Municipal councillors across the country are demanding that the state provide them with the same security as ministers, according to a report by The Sowetan.
Speaking at the South African Local Government Association’s (Salga) council of mayors in Cape Town, the councillors cited numerous instances where homes were torched or attacked during service delivery protests.
They also noted that most councillors, unlike ministers and MECs, still live in townships and that municipalities do not provide them with any security despite the added risks that they face.
“If a premier or an MEC is appointed today, he or she gets a driver and a bodyguard immediately,” Midvaal municipality mayor Bongani Baloyi told The Sowetan.
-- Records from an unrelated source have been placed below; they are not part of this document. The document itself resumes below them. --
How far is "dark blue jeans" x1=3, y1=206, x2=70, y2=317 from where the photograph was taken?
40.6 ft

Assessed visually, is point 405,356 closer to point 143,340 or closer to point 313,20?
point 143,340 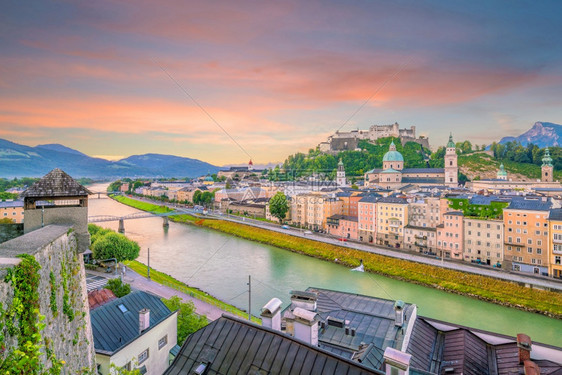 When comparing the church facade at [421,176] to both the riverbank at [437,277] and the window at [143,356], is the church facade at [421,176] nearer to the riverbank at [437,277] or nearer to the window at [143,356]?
the riverbank at [437,277]

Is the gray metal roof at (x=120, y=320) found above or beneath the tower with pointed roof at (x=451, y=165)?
beneath

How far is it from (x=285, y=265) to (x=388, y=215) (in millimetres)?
7822

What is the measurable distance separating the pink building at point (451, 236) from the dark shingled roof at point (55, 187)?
58.2ft

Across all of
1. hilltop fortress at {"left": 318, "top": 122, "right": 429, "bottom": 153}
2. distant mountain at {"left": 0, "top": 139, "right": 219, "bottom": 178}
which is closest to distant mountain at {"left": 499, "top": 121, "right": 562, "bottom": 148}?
hilltop fortress at {"left": 318, "top": 122, "right": 429, "bottom": 153}

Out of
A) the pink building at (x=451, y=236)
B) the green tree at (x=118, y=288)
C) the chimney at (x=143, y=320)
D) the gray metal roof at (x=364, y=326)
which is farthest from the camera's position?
the pink building at (x=451, y=236)

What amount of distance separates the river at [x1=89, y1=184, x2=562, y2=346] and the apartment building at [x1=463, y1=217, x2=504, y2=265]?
4259mm

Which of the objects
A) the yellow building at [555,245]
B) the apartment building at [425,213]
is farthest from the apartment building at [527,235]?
the apartment building at [425,213]

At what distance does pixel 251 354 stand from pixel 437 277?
47.1 ft

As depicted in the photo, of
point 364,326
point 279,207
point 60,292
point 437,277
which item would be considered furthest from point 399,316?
point 279,207

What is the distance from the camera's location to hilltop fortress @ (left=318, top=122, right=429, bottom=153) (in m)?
61.2

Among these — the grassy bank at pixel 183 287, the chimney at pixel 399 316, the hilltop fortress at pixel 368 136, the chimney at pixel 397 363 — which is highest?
the hilltop fortress at pixel 368 136

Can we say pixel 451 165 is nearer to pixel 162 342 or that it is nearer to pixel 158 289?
pixel 158 289

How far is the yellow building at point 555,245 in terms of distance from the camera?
14.1 meters

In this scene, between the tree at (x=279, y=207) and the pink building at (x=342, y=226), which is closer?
the pink building at (x=342, y=226)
“But if you are appointed as an executive mayor you must wait for six months or a year for a security assessment from the police first.”
Salga spokesman Sivuyile Mbambato confirmed that the issue of security and safety for councillors has been elevated to the Ministry of Cooperative Governance and Traditional Affairs for urgent attention.
However, spokesperson for Cooperative Governance and Traditional Affairs, Legadima Leso, said that the matter had not yet been brought to their attention.
The issue of security for councillors came to a head last month, after the North West’s Ditsobotla municipality mayor Daniel Buthelezi was held hostage in his office by community members who complained about poor service delivery.